#### [Task prompt]
Leaving out the pictures, return each line of the entries from the first through the line with "Lee Cooper Polarized", and only those lines.

#### [Data section]
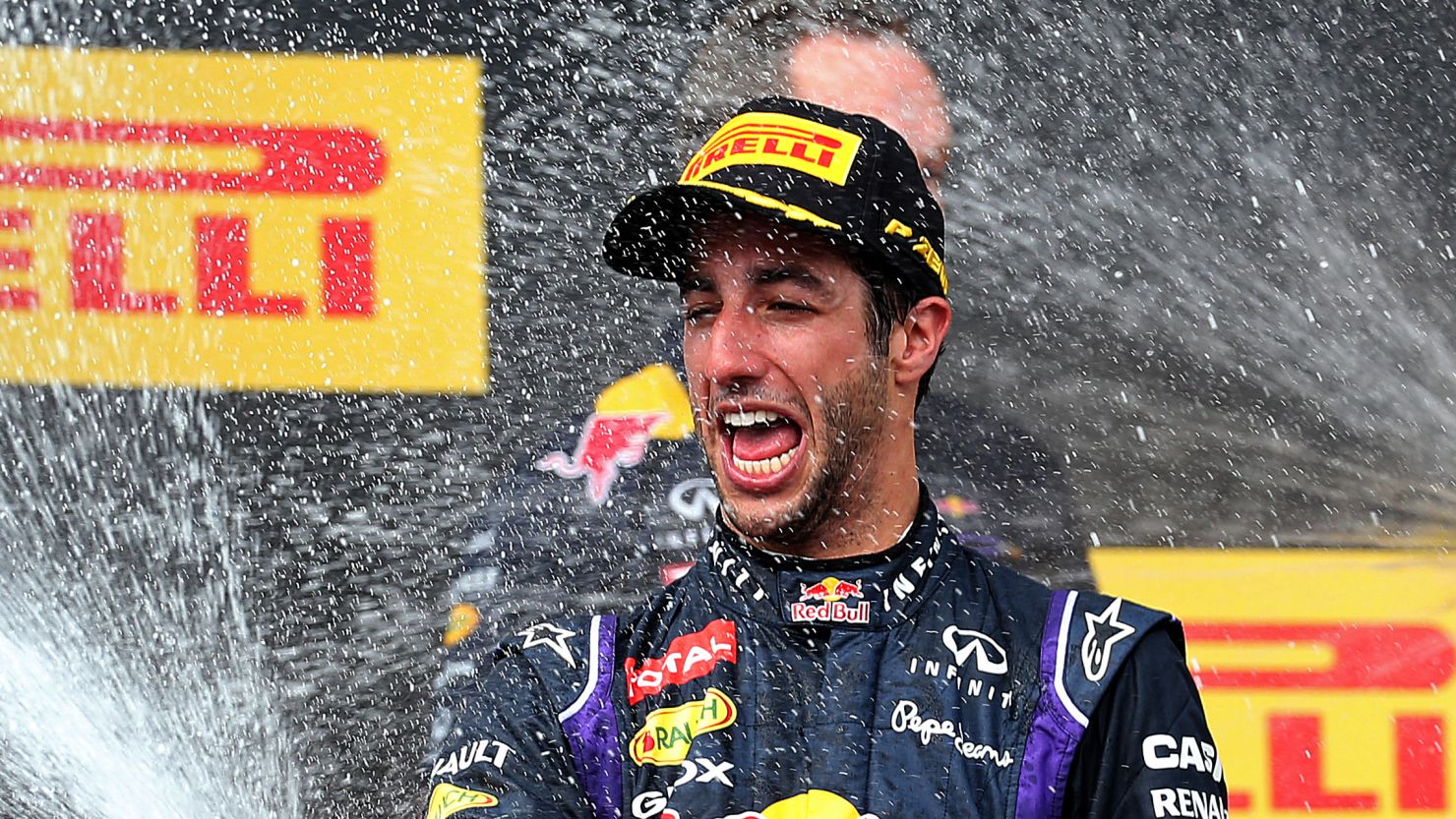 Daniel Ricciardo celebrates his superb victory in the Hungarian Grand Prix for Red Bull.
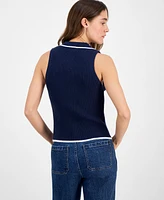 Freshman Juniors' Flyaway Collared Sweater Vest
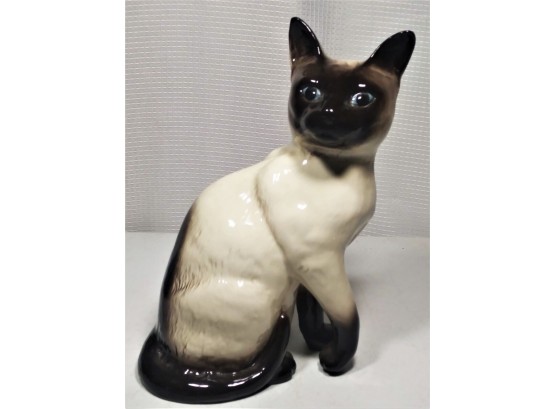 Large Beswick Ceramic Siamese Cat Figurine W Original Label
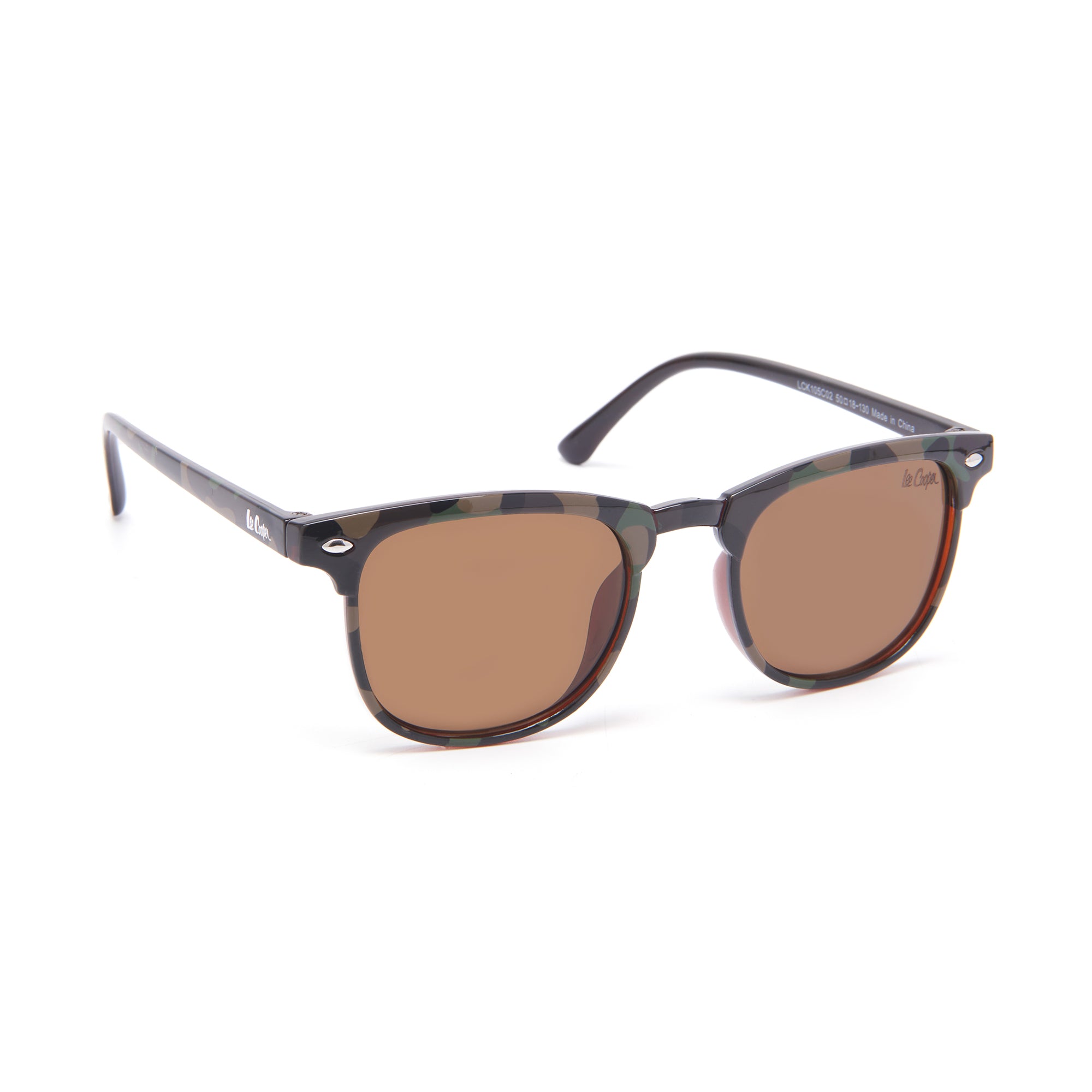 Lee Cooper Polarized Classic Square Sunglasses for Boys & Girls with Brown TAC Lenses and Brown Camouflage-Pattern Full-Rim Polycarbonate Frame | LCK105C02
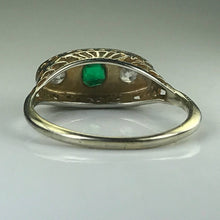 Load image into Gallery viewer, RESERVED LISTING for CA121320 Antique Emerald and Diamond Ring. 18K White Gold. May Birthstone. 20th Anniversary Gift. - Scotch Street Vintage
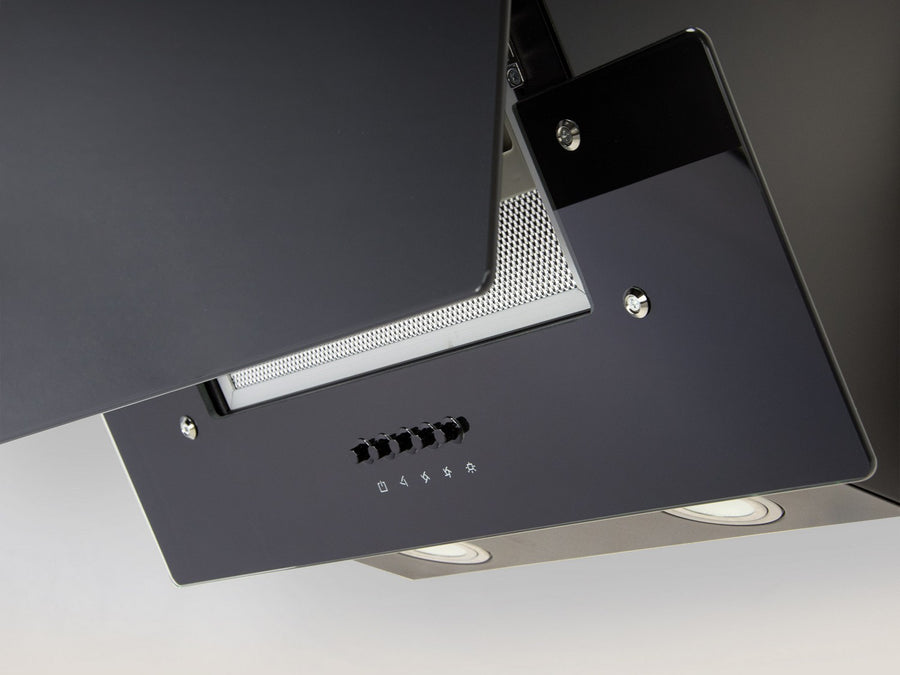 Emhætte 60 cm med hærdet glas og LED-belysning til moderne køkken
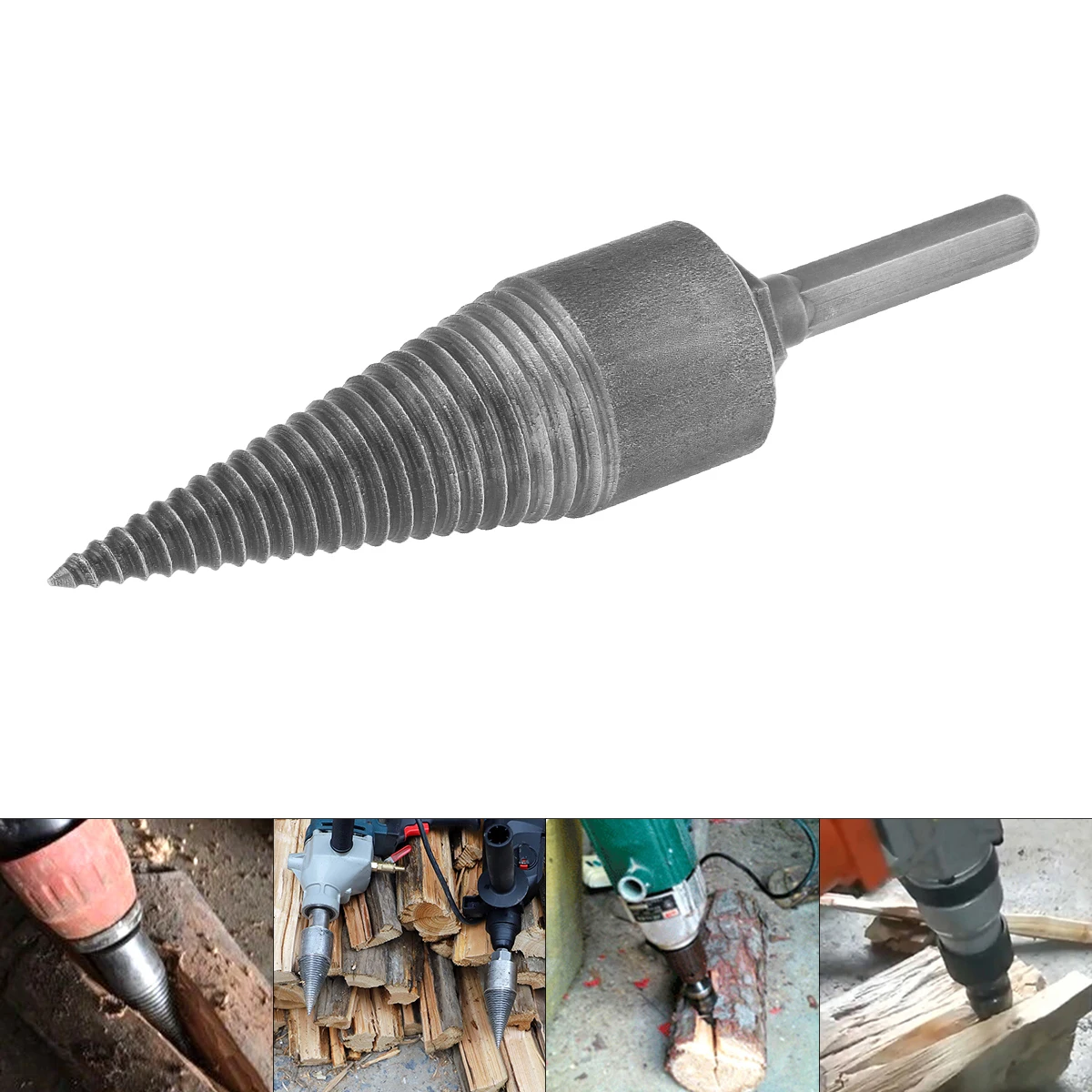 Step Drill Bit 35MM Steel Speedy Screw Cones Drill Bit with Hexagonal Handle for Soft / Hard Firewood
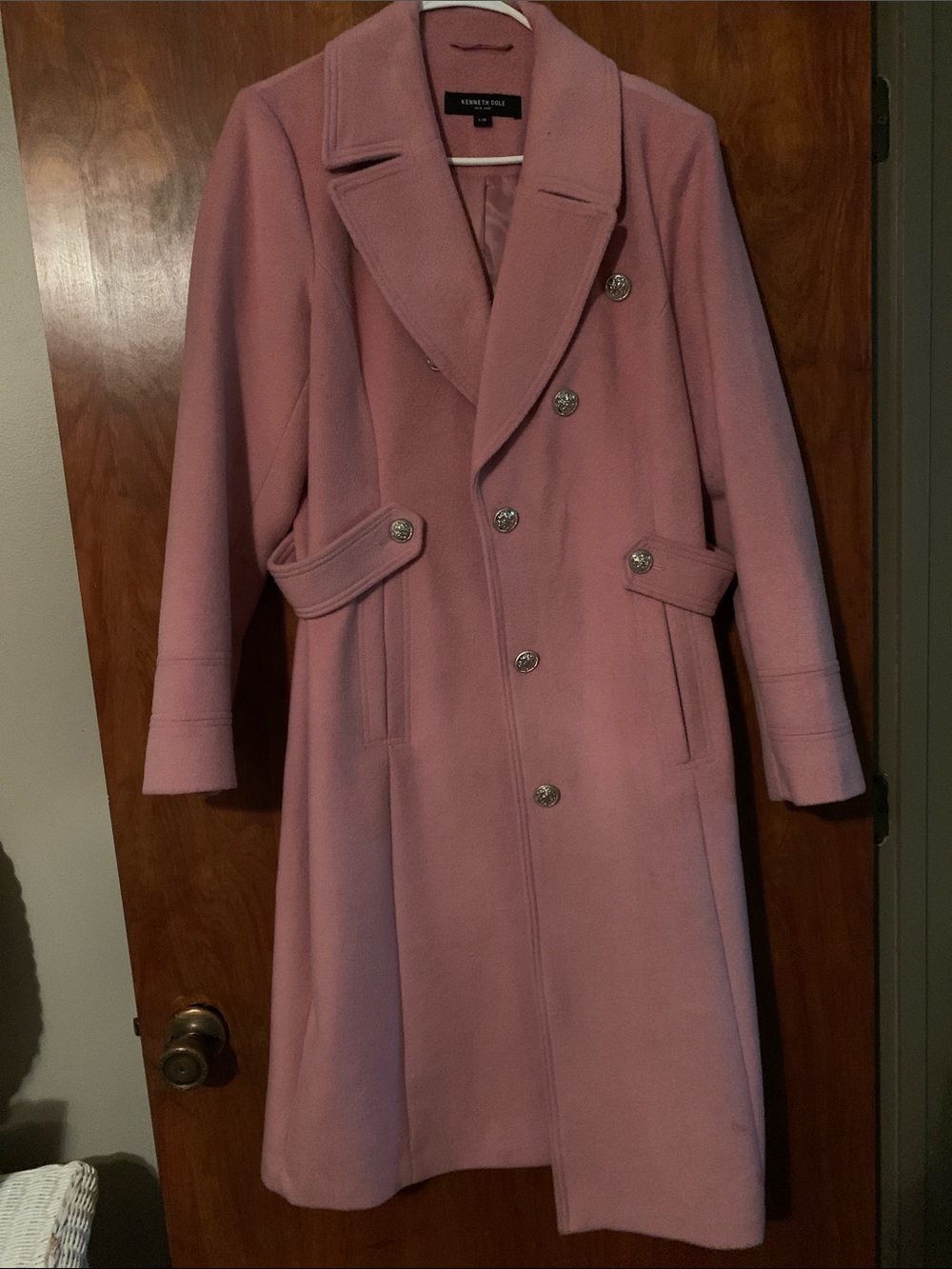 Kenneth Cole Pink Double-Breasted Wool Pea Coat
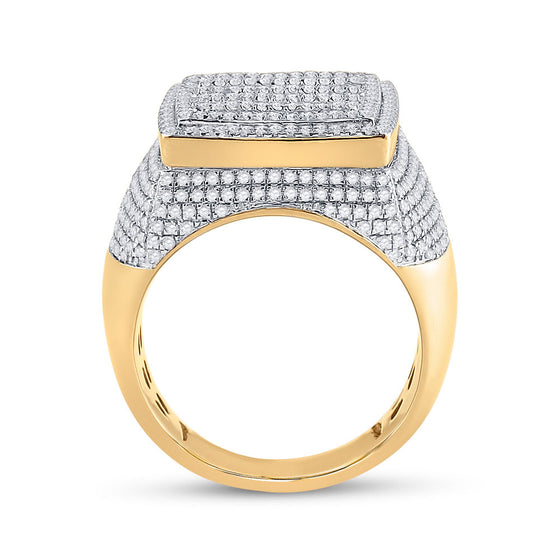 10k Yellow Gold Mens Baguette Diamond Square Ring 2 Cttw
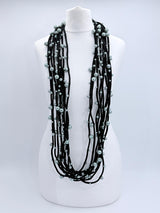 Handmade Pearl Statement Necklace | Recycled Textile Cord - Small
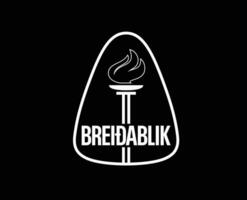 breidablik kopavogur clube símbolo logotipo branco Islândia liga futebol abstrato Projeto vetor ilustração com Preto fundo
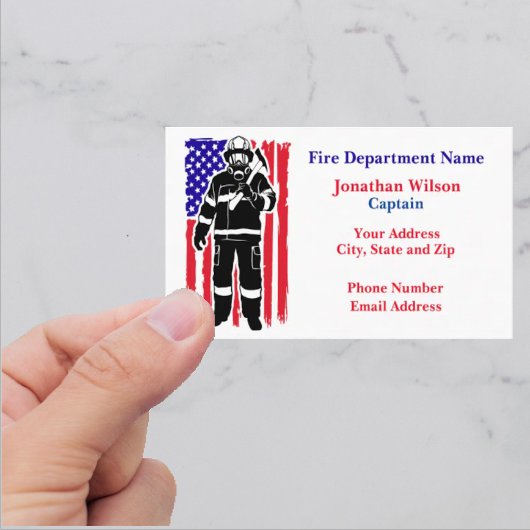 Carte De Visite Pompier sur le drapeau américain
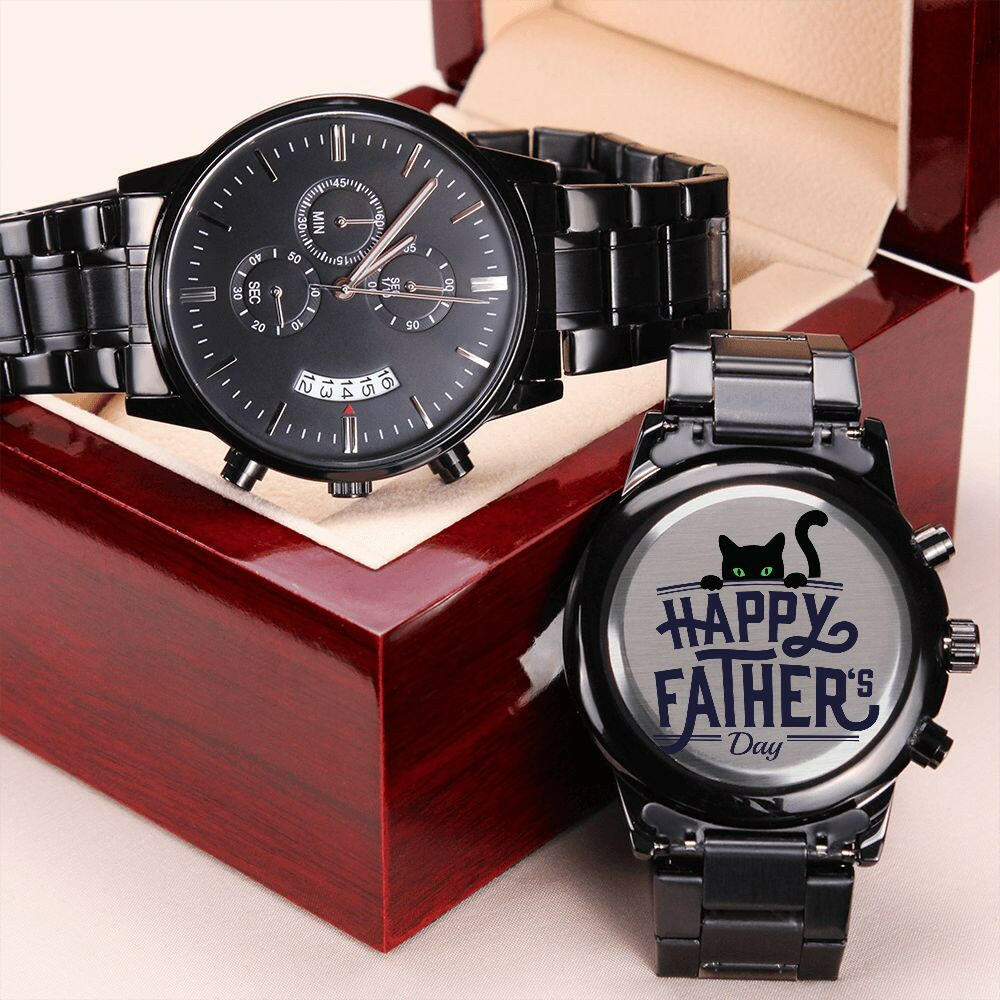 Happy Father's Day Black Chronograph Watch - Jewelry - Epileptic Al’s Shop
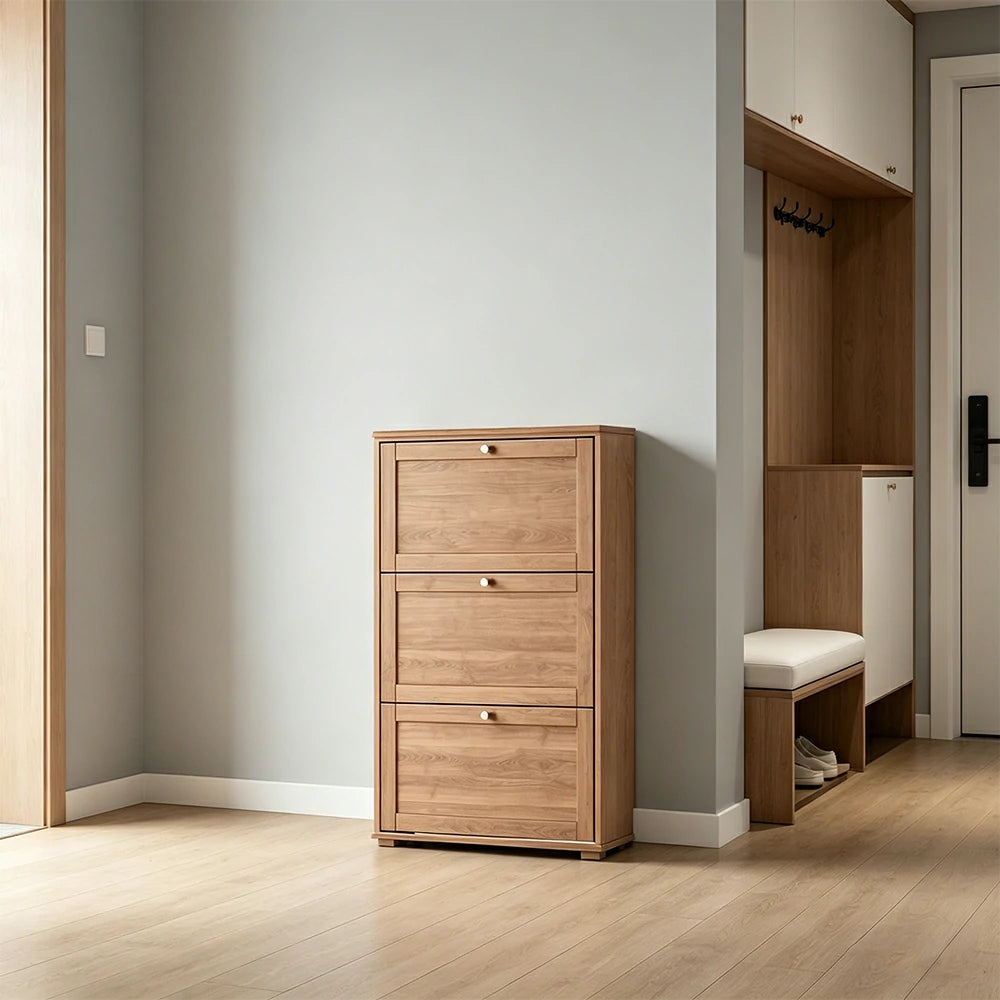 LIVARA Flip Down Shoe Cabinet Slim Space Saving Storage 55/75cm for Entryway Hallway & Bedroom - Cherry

#### [Exercise output]
 Daniel Ricciardo celebrates his superb victory in the Hungarian Grand Prix for Red Bull.
 Freshman Juniors' Flyaway Collared Sweater Vest
 Large Beswick Ceramic Siamese Cat Figurine W Original Label
 Lee Cooper Polarized Classic Square Sunglasses for Boys & Girls with Brown TAC Lenses and Brown Camouflage-Pattern Full-Rim Polycarbonate Frame | LCK105C02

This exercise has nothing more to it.